Redgate Software

The Database DevOps Challenges SQL Clone Solves

SQL Clone helps to accelerate the delivery of databases updates, by enabling an organization to provide database copies, and the right data, to all parts of the deployment pipeline that need it, with a light footprint, and securely.

It removes much of the administrative burden of providing a ‘database refresh’, while still allowing operations teams to control where database copies are deployed and to ensure data remains protected at all stages. By reducing the length of time required to deploy a new database copy, or clone, to seconds, it allows users to work in parallel, and so improves productivity.

With its PowerShell integration, SQL Clone becomes an important component in a broader Database DevOps toolchain that provides automated logging, and reporting for all the processes required for database development, testing and delivery. It also allows the delivery process to be customized more precisely to the requirements of the team.

Introducing governance to the database distribution process

By adopting DevOps processes, an organization should be able to make better use of its existing data, when engaged in development, testing and training. For example, the BI team will want to export data for downstream reporting and analysis; developers and testers will want ‘representative’ copies of production data for integration and acceptance testing, or to reproduce a production bug, and so develop and deliver a rapid fix.

These are all legitimate uses for this data, so long as all necessary precautions are taken regarding compliance, before it is moved outside the secure environment of production. If an organization stores and handles personal or sensitive data, the process of copying databases requires increasingly strict management and compliance. These data protection and privacy concerns will restrict the free movement of at least part of the data to the business activities that need it.

Every organization must know which activities need to access personal or sensitive data and why, as well as what processes and databases store and use this data, and where they are located. They then need an automated, reliable and secure way to allow the relevant business processes, and users, to access the data that is essential for their task.

SQL Clone helps to solve this problem, because it offers a lightweight mechanism for copying databases, with centralized control, and allows us to incorporate data masking to protect personal and sensitive data. With SQL Clone, the database administrator can:

This gives the DevOps team an opportunity to create a database provisioning process that can distribute data to the areas of the business that need it, quickly. It can also control what data goes where, while ensuring that any sensitive or personal data is always protected and secure.

Managing disk space for provisioning

Any database can be copied by restoring it from a backup, or attaching the data and log files, or by building it and then importing data. Each of these methods can be automated, but to do it for every server that needs a database copy often requires significant storage space within the domain.

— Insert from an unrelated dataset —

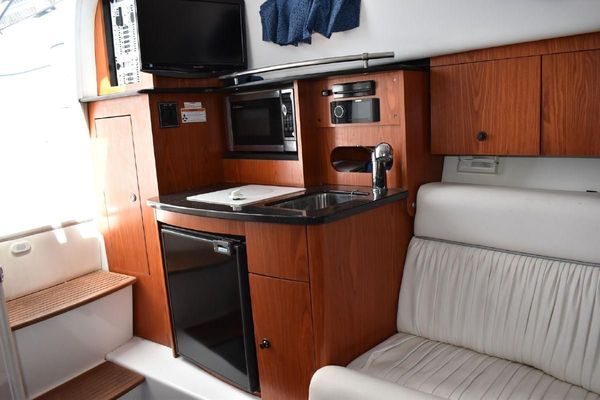 See Ya 38ft Donzi Yacht For Sale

When databases run into hundreds of gigabytes, or even terabytes, in size, and the business requires multiple copies of that database to be delivered to various parts of the business, this becomes a problem. It requires the involvement of storage administrators to manage the file systems and to prepare sufficient space on local servers, or on the SAN. Inevitably, this slows down the delivery of data, and will lead, for example, to delays in the testing schedule, and often means that the development and testing teams work with stale or inaccurate data. This can reduce the effectiveness of certain types of database tests, because the results will be a less reliable indicator of true production behavior.

With SQL Clone, we create just one full copy, called an ‘image’, and then create multiple clones from that image. Each clone has access to the data in the image, which is immutable, and only the changes made to a clone are stored locally. This means that even for databases that are hundreds of GB in size, each copy, or clone, requires only tens of MB of local disk space. Suddenly, creating ten copies of a 500 GB database requires only a little over 500 GB of initial extra storage space, rather than 5 TB.

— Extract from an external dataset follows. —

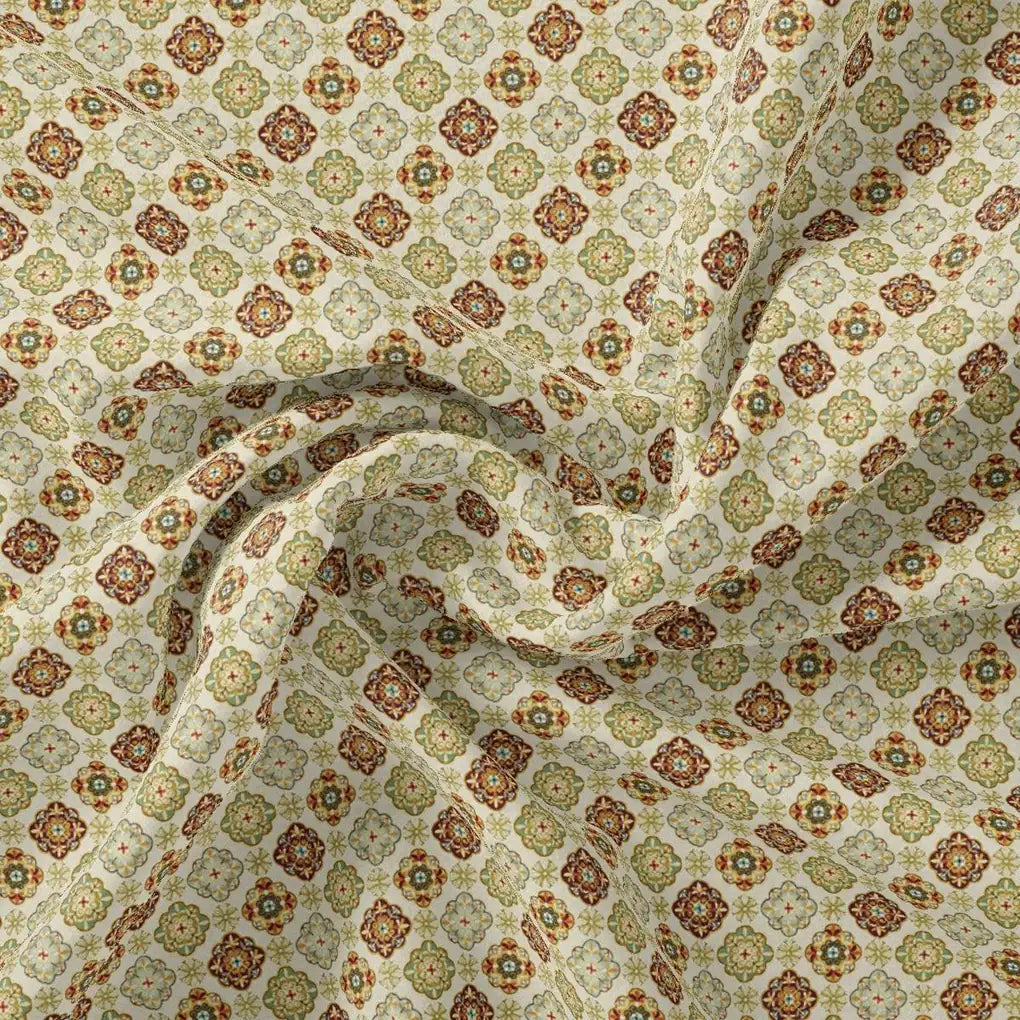 Pista Marrocan Weightless Printed Fabric – we 0 ma01248 110 pista marrocan weightless printed fabric 1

Fast database provisioning

It is not just the amount of storage space that can cause difficulties. As the number of database copies increases, so does the time required to move the data about.

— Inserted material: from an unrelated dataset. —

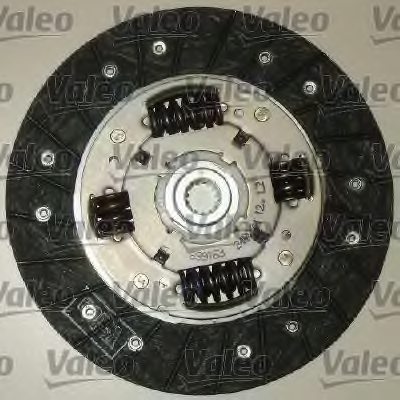 1606489,OPEL 1606489 Clutch Kit for OPEL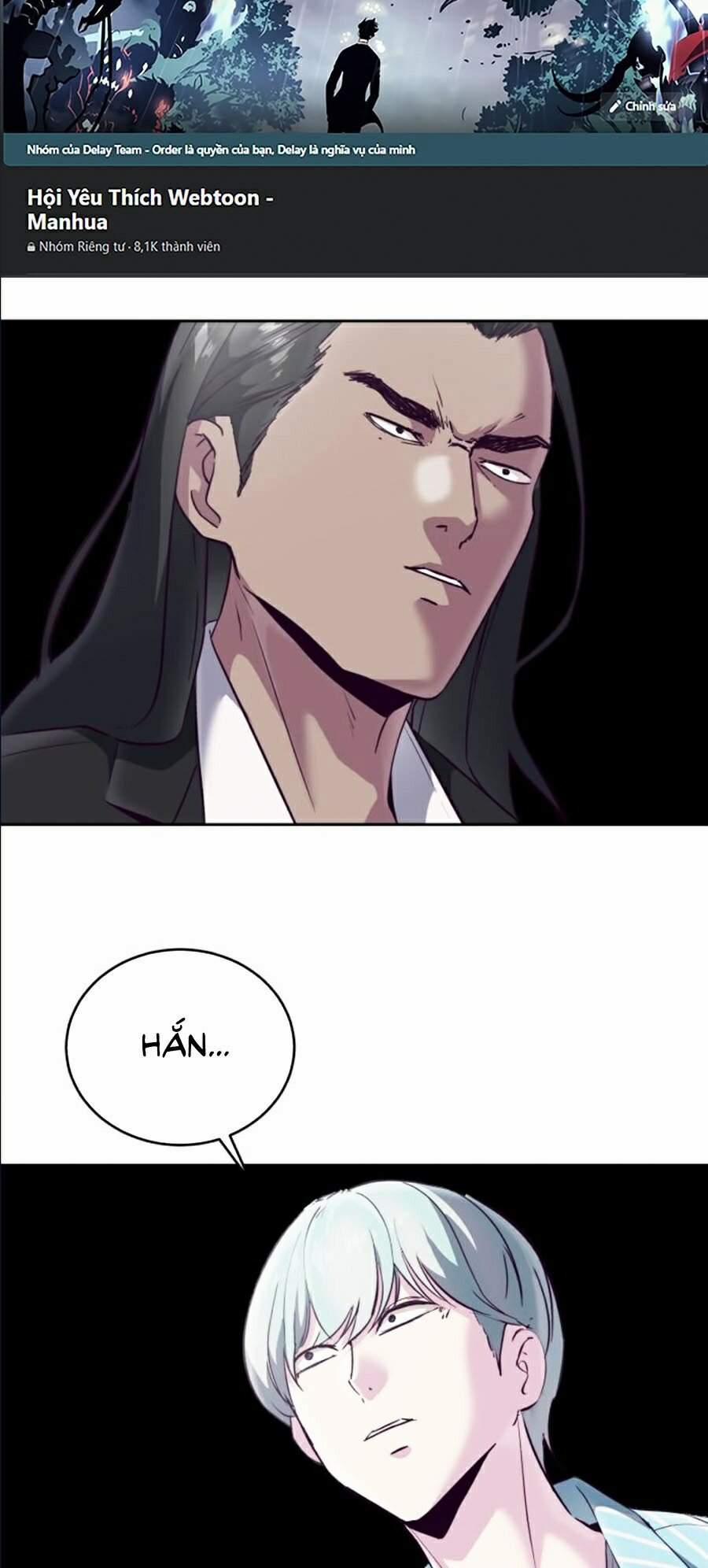 Cậu Bé Của Thần Chết 115 trang 11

With the commonly-used backup-and-restore method, the process of copying each database is often too slow to support the team’s requirements; making a single copy of a 500 GB database can take about 5 hours. For SQL Clone, the process of creating the initial image is as slow, but it is done only once. Subsequent clones are almost instantaneous. With SQL Clone’s PowerShell automation, administrators can schedule an overnight job that creates a sanitized image of a source database, and then rapidly deploys clones of that image to all target servers.

With appropriate permissions set up, developers and testers can even ‘self-serve’ clones. This is quite a big cultural shift, because it enables isolated and parallel work practices. It moves the database towards being just another ‘standard resource’ that can be ‘imported’, used and reset, as required. For example:

In addition, setting up a new team member with database copy becomes a trivial task, especially when coupled with use of virtual machines and containers, to standardize the database server configuration. This means all team members can work on a standardized database environment, database schema, and data set, but without the need to adopt a single shared development server.

Isolated development environments

The more frequently that a team must deliver software, the greater the demands placed on the development and testing cycles. While the shared database development model can be made to work, it can also create dependencies that delay work, and limit what can be achieved in each cycle.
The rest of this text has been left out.